[[ Records provided, beginning ]]
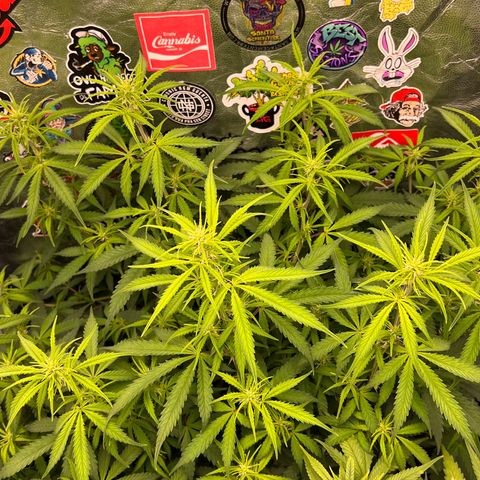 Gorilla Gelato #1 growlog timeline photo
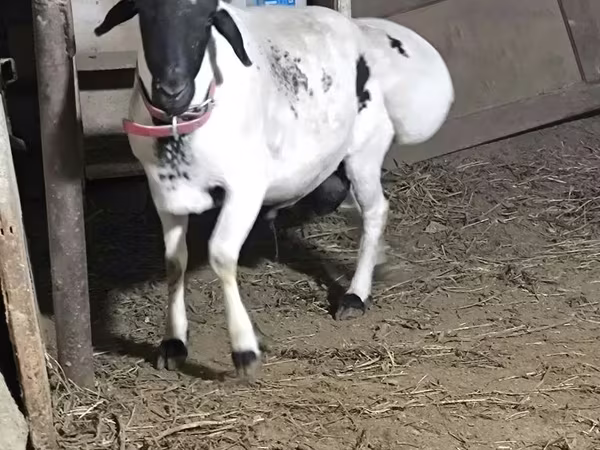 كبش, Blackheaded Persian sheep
[[ Records provided, end ]]
[[ Records provided, beginning ]]
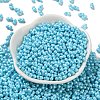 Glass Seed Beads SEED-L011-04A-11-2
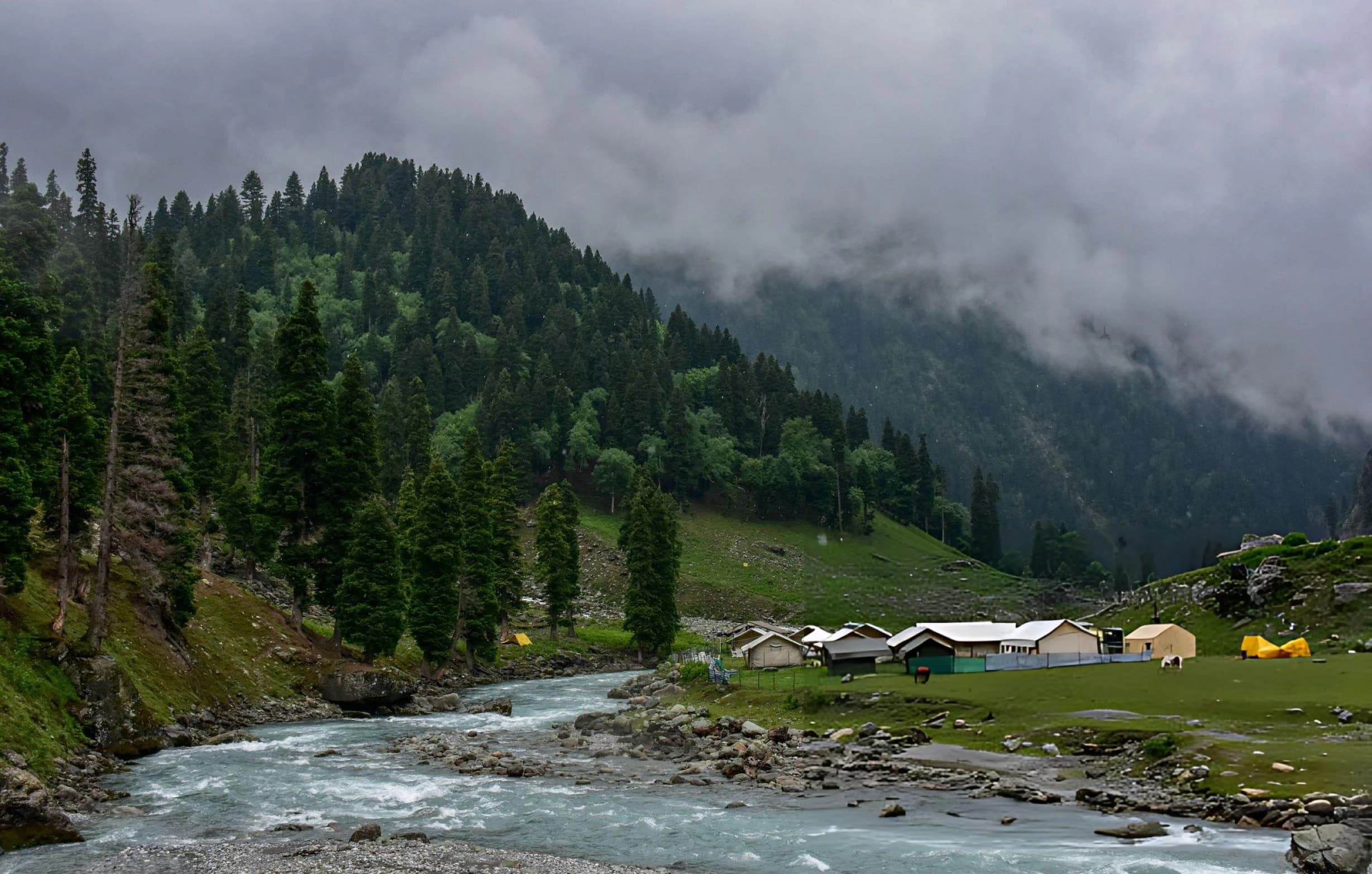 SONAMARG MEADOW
[[ Records provided, end ]]
[[ Records provided, beginning ]]
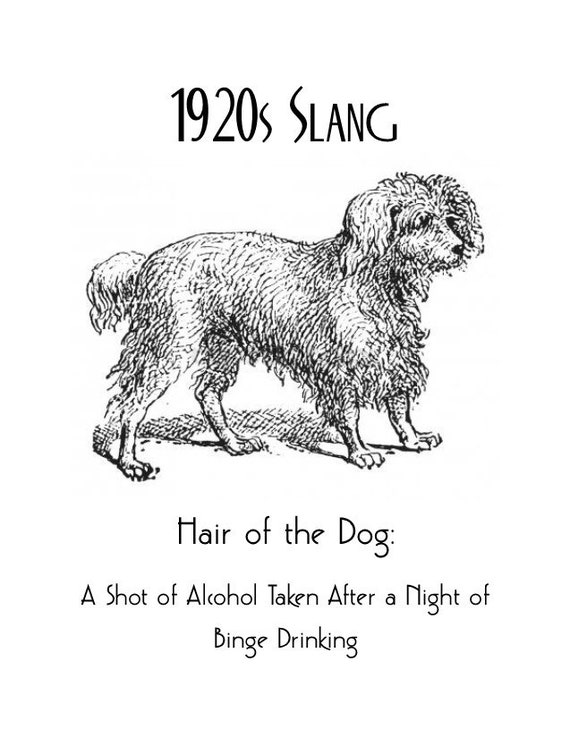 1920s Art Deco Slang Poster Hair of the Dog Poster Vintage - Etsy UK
[[ Records provided, end ]]
#### [Work required]
Look above for the line with "Gorilla Gelato #1 growlog timeline photo" and the line with "كبش, Blackheaded Persian sheep", then restate exactly those two lines and all lines between them, with no pictures.

#### [Result below]
 Gorilla Gelato #1 growlog timeline photo
 كبش, Blackheaded Persian sheep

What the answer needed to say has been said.